Delivering Men's Health: What policymakers and service providers can do to improve men’s outcomes

Delivering Men's Health: What policymakers and service providers can do to improve men’s outcomes

Too many men have been dying too young for too long. In 2019, before COVID-19 began to kill disproportionately high numbers of men, the average male lifespan was just 71 years globally. A boy born in that year in Lesotho or Central African Republic can expect to die at about the age of 50.

The causes of poor men’s health are not a mystery. They are not, except to a small degree, genetic. Much more pertinently, men’s health has been largely neglected by policymakers and service providers. This has been highlighted in governments’ responses to the pandemic: no serious effort has been made anywhere to develop ‘male-friendly’ prevention campaigns to encourage hand-washing, mask-wearing or vaccination.

Men themselves, because of the gender norms with which they are expected to comply, often take too many risks with their health – smoking, drinking excessively and driving dangerously – and delay seeking medical help. Mainly because of a lack of engagement with primary care services, 25% of men with HIV are unaware of their status, 45% of men with HIV are not receiving anti-retroviral treatment, and 53% do not have a suppressed viral load. There is a similar picture for men with tuberculosis and for common mental health conditions, such as depression and anxiety.

But there are now some positive signs of change. Seven countries have developed dedicated men’s health policies – most recently, South Africa – and a men’s health strategy for the European region was published by the WHO in 2018. The WHO has recommended that greater attention be paid to men’s health in work to deliver the Sustainable Development Goals and Universal Health Coverage.

There is also a growing body of research and practical experience that can be drawn on to support practical steps towards sustainable and measurable improvements in men’s health. Global Action on Men’s Health has reviewed this evidence and, in its recently-published Delivering Men’s Health report, it suggests 10 key actions that policymakers and service providers can take to ‘build back better’ for men.

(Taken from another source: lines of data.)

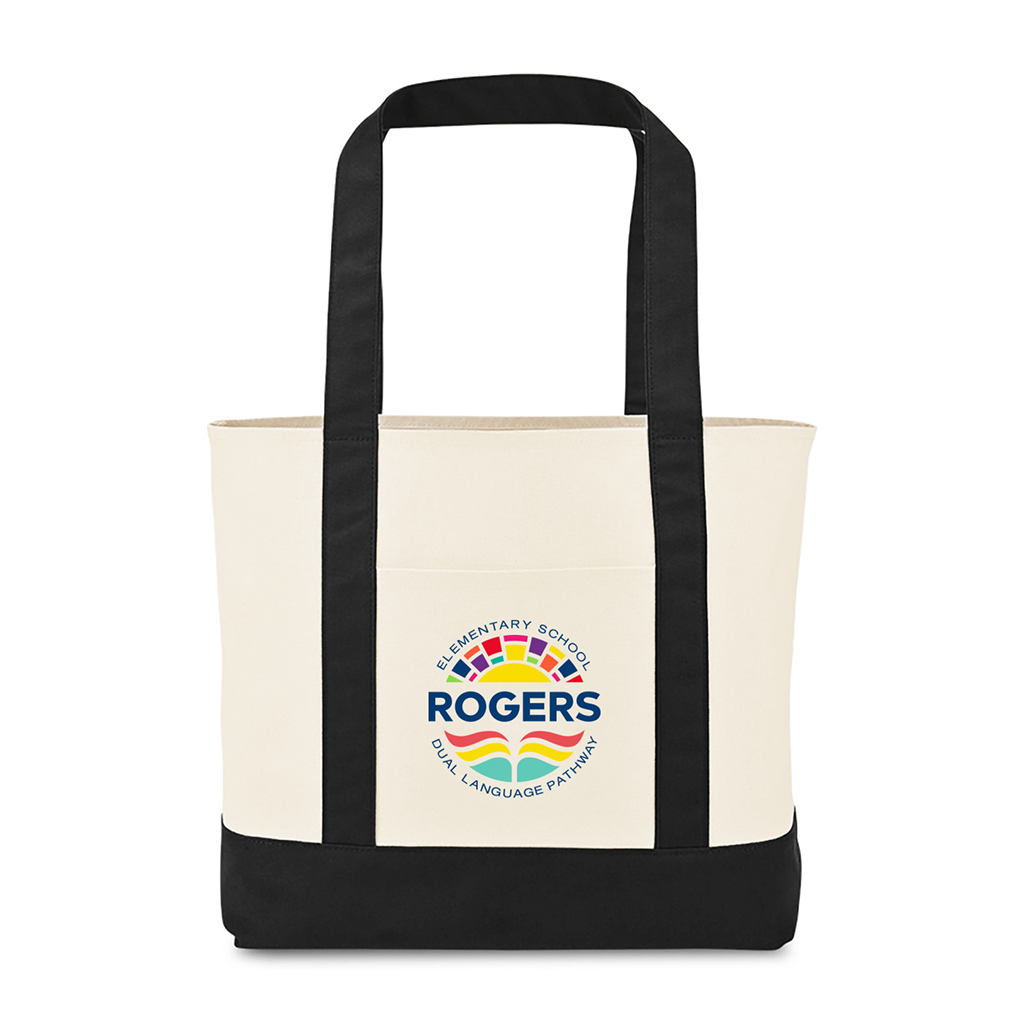 Gemline Black Large Canvas Tote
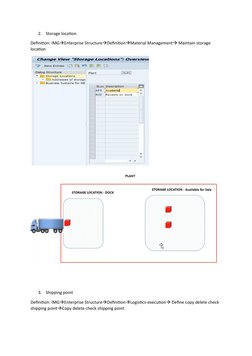 2.
Storage location
Definition: IMGEnterprise StructureDefinitionMaterial Management Maintain storage 
location
3.
Shippi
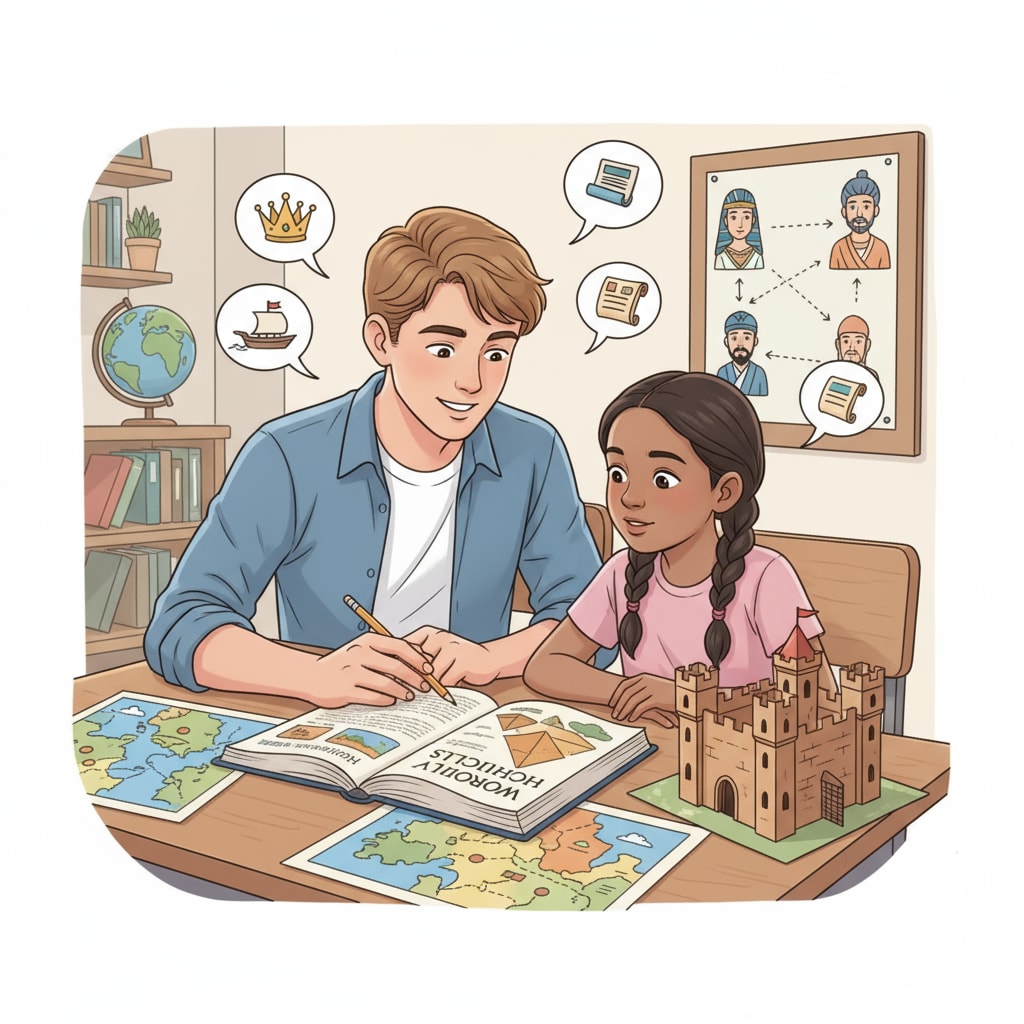 A young student is volunteering as a tutor, patiently explaining historical events to a younger student. The tutor is using a textbook and some visual aids to make the lesson more engaging. Student volunteering as a tutor for education practical experience related to teacher career planning, college application, and education major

  • Collect, analyse and publish wide-ranging and regularly-updated data on men’s health to provide a guide to where action is needed and to its impact and effectiveness.
  • Engage senior decision-makers, including politicians, to achieve faster and more significant progress.
  • Listen to men’s voices to understand better what their needs are and how best to meet them.
  • Introduce men’s health policies that address their health needs and integrate men’s health into other health policies, all with clearly identified and realistic deliverables.
  • Develop outreach services that engage men ‘where they are’, such as local communities, sports venues, faith organisations or online.
  • Recognise the differences between men and focus attention on those groups facing multiple layers of disadvantage and who experience the worst health outcomes. An intersectional approach is essential.
  • Take account of gender norms by using appropriate ‘male’ interests and language to engage men in health (but without inadvertently reinforcing ‘traditional’ male gender norms).
  • Ensure that the needs of boys and young men are reflected in the development and delivery of health policies and services.
  • Use International Men’s Health Week and other health weeks and days as opportunities to promote men’s health.
  • Take a ‘male-positive’ approach which builds on men’s strengths and is more likely to engage men and achieve changes in their health practices and the use of services (with the understanding that unacceptable behaviour by men must always be challenged).

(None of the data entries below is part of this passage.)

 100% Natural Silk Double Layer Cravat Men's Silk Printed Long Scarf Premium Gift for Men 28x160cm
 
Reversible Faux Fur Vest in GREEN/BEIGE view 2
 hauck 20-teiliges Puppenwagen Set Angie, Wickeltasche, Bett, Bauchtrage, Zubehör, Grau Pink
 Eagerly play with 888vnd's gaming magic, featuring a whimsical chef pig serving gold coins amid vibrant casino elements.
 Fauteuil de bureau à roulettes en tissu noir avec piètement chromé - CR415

Delivering Men’s Health is a practical guide – providing easily-accessible and user-friendly information – designed to inform both planning and delivery. It is accompanied by an online database of policies, journal papers and reports that provide more detailed evidence should that be needed.

Any action taken to improve men’s health must not be at the expense of women’s health. Resources must not be transferred away from women’s programmes. There is not a binary choice to be made in a zero sum game. Moreover, men’s and women’s health are inextricably linked and there is good evidence that better men’s health as well as greater gender equality improves the health of everyone.

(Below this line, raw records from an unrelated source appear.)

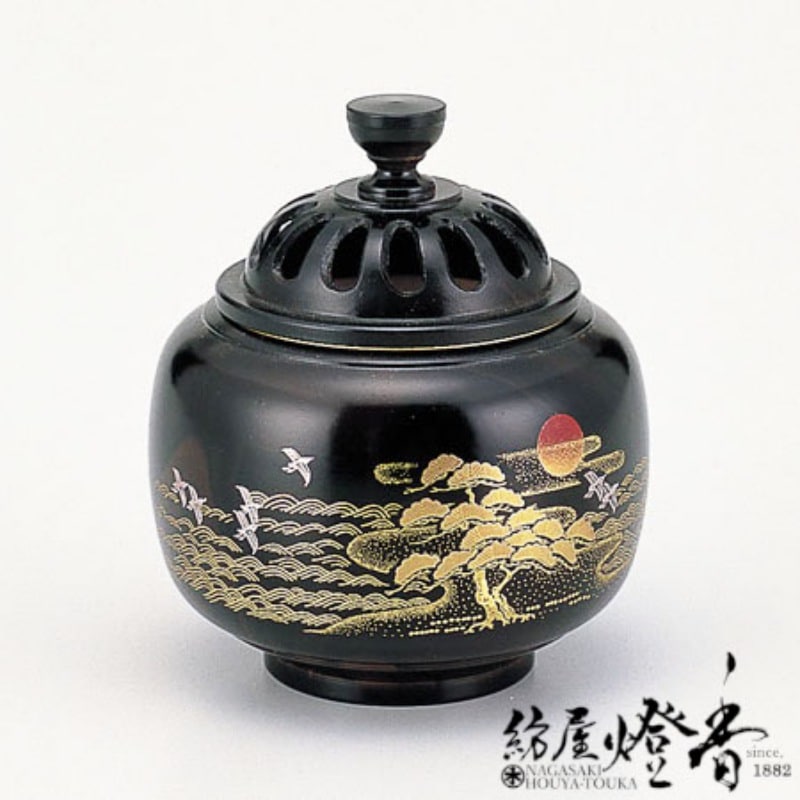 香炉/香器『高岡銅器【玉胴型香炉/日ノ出松/蒔絵】銅製[空焚き用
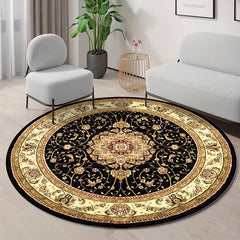 Retro Flowers Large Area Circular Carpet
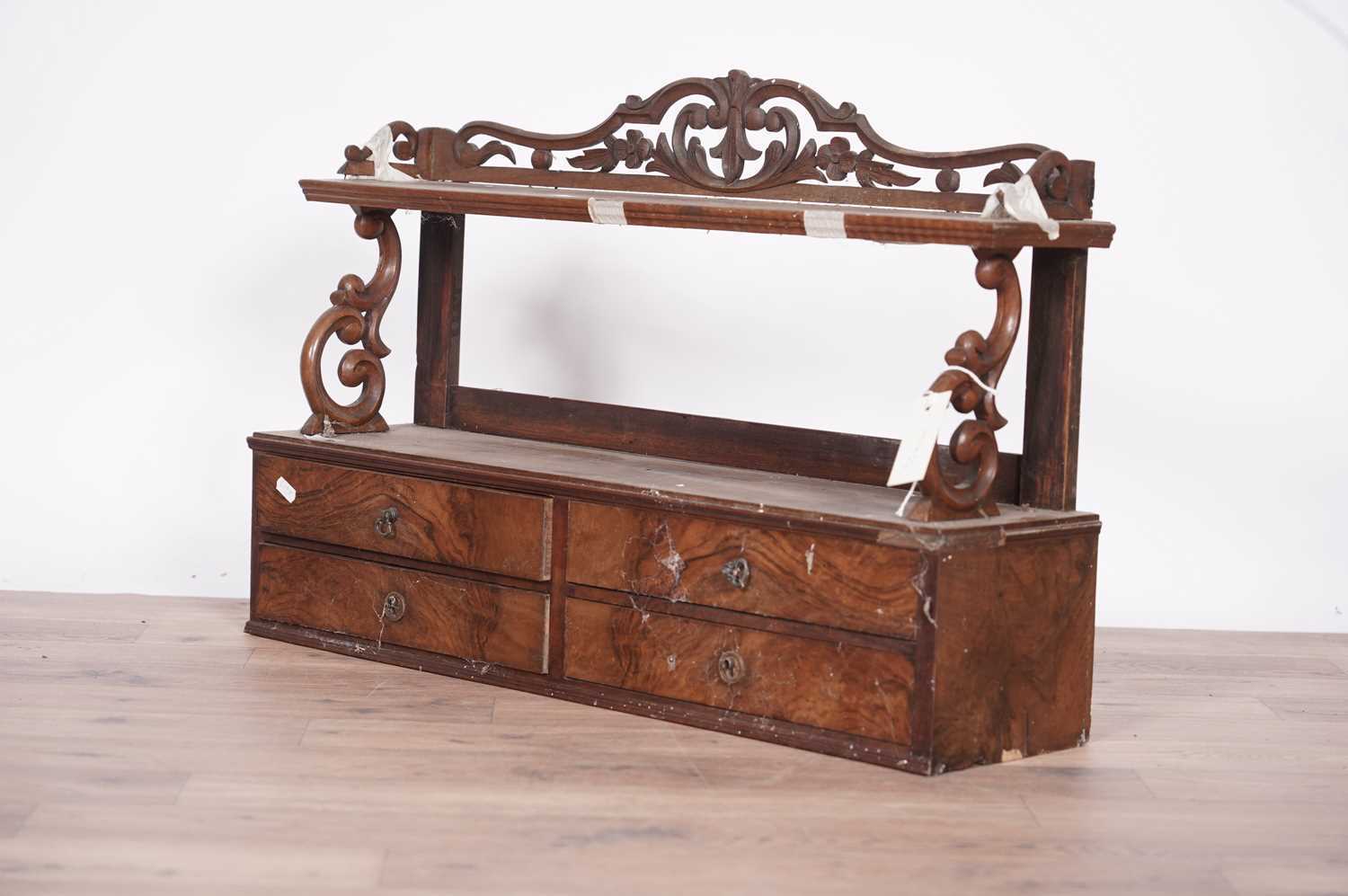 A mid 18th Century mahogany swing frame toilet mirror and a Victorian burr walnut wall cabinet - Image 7 of 9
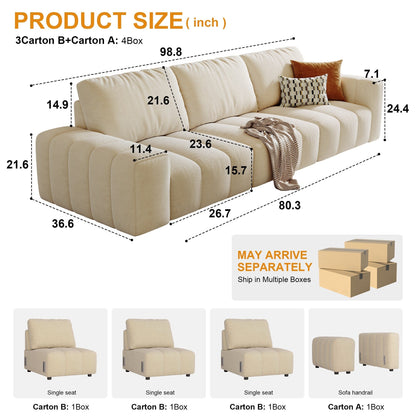 Divano 114 Wood a 4 posti con struttura in legno massello, resistente alle macchie e facile da pulire, per case che accettano animali domestici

Policymakers and service providers who want to ensure better health for men and boys now have a tool that enables the systematic action that is required to achieve this goal.

If not now, when?

The views expressed in this post are those of the author and may not reflect those of the UCL Centre for Gender and Global Health.

About the author

Peter Baker is Director of Global Action on Men’s Health, a UK-based international charity that works to ensure that international public health organisations develop research, policies and strategies on men’s health. Peter also works as an independent consultant in men’s health and his current clients include the European Cancer Organisation and the Throat Cancer Foundation. He was CEO at the Men’s Health Forum (England and Wales) from 2000-2012 and is a Fellow of the Royal Society for Public Health.